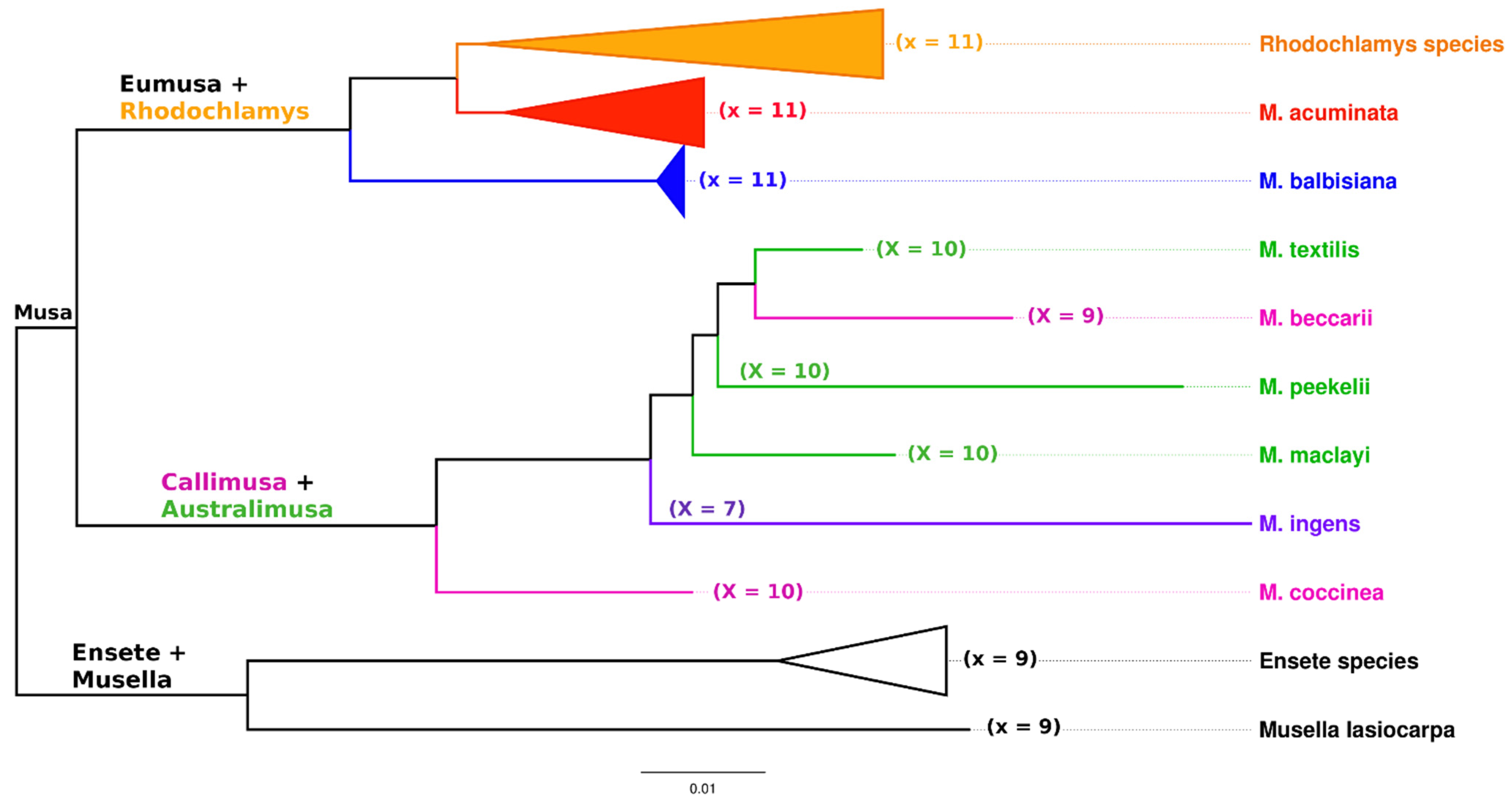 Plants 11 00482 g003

--

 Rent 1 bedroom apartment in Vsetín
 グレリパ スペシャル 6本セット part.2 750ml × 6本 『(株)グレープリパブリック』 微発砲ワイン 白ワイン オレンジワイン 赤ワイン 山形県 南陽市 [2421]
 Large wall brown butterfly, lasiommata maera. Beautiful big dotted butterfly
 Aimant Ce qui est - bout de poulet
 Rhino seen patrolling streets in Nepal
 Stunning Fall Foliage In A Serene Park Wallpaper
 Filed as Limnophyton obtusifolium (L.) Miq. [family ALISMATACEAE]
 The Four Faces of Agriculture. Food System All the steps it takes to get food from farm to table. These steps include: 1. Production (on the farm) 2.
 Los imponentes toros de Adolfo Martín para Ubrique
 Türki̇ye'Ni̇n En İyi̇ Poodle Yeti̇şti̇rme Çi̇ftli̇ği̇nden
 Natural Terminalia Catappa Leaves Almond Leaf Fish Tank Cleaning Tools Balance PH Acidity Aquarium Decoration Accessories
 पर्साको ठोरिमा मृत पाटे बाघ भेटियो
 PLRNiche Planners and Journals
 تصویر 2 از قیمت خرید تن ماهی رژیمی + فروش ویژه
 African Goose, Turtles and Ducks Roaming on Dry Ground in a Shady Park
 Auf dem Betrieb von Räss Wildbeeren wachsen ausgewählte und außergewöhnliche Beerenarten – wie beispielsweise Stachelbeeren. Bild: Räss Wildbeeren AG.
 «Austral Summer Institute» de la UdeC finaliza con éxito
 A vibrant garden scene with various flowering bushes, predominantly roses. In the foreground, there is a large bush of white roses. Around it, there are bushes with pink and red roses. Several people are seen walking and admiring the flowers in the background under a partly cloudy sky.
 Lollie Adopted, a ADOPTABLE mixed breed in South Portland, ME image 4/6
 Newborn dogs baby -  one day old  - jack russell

...

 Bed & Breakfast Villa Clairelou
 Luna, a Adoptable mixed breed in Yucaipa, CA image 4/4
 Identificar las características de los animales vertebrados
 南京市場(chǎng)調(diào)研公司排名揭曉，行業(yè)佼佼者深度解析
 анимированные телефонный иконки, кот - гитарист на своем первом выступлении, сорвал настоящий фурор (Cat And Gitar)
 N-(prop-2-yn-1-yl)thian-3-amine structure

§ Directions: Pick out every line above that holds the word "Park" and copy it.

§ Solution:
 Stunning Fall Foliage In A Serene Park Wallpaper
 African Goose, Turtles and Ducks Roaming on Dry Ground in a Shady Park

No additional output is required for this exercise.